BEGIN Available data
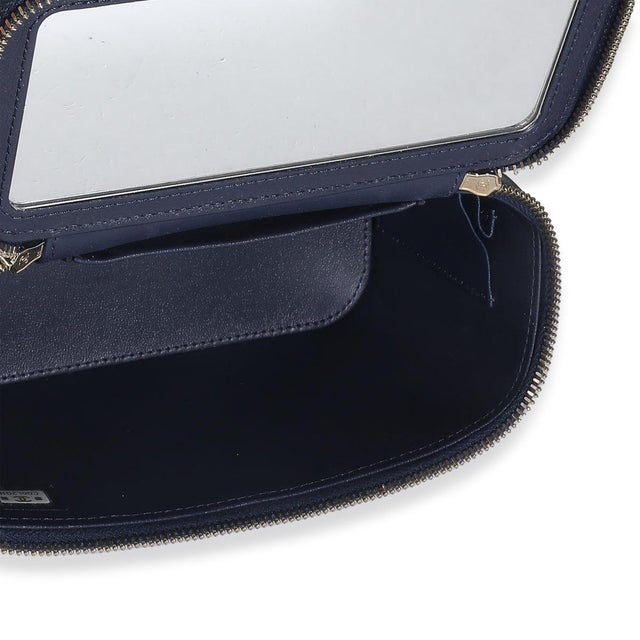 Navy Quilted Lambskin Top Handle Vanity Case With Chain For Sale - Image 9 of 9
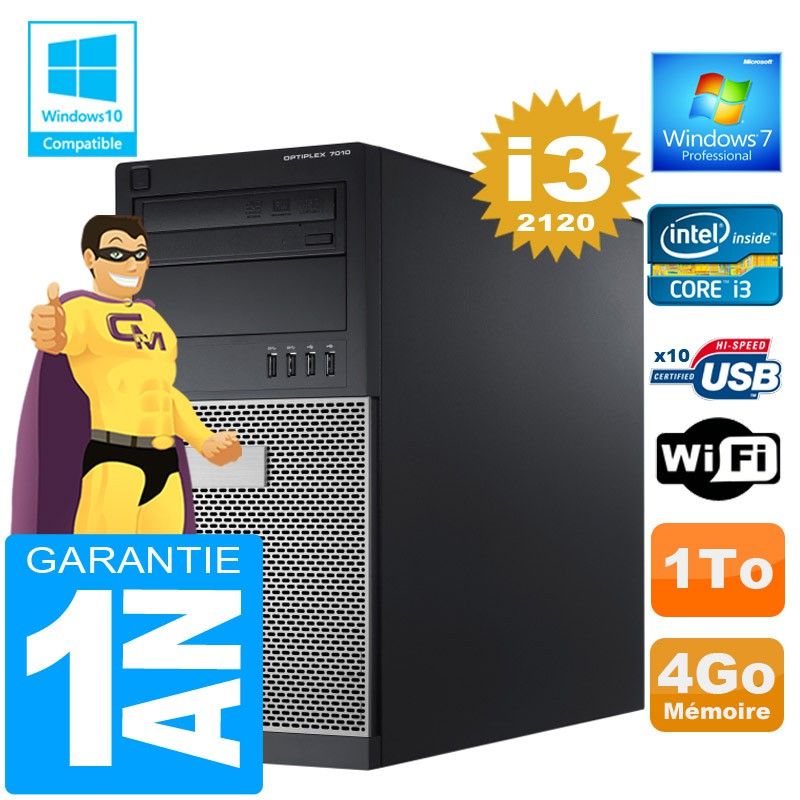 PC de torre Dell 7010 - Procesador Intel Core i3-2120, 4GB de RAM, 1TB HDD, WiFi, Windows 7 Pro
END Available data
BEGIN Available data
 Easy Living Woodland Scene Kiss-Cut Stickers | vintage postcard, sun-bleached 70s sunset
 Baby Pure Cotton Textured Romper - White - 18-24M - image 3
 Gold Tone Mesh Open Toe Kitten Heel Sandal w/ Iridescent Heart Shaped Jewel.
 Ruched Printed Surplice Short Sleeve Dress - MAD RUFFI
END Available data
BEGIN Available data
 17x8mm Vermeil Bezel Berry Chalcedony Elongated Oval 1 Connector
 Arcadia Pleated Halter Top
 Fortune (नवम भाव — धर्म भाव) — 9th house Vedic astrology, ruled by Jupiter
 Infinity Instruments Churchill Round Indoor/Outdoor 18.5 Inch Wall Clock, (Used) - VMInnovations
END Available data
What is needed ->
For the listing above, print only the lines starting at the line containing "17x8mm Vermeil Bezel" and ending at the line containing "Infinity Instruments Churchill", exactly, both included.

Exercise result ->
 17x8mm Vermeil Bezel Berry Chalcedony Elongated Oval 1 Connector
 Arcadia Pleated Halter Top
 Fortune (नवम भाव — धर्म भाव) — 9th house Vedic astrology, ruled by Jupiter
 Infinity Instruments Churchill Round Indoor/Outdoor 18.5 Inch Wall Clock, (Used) - VMInnovations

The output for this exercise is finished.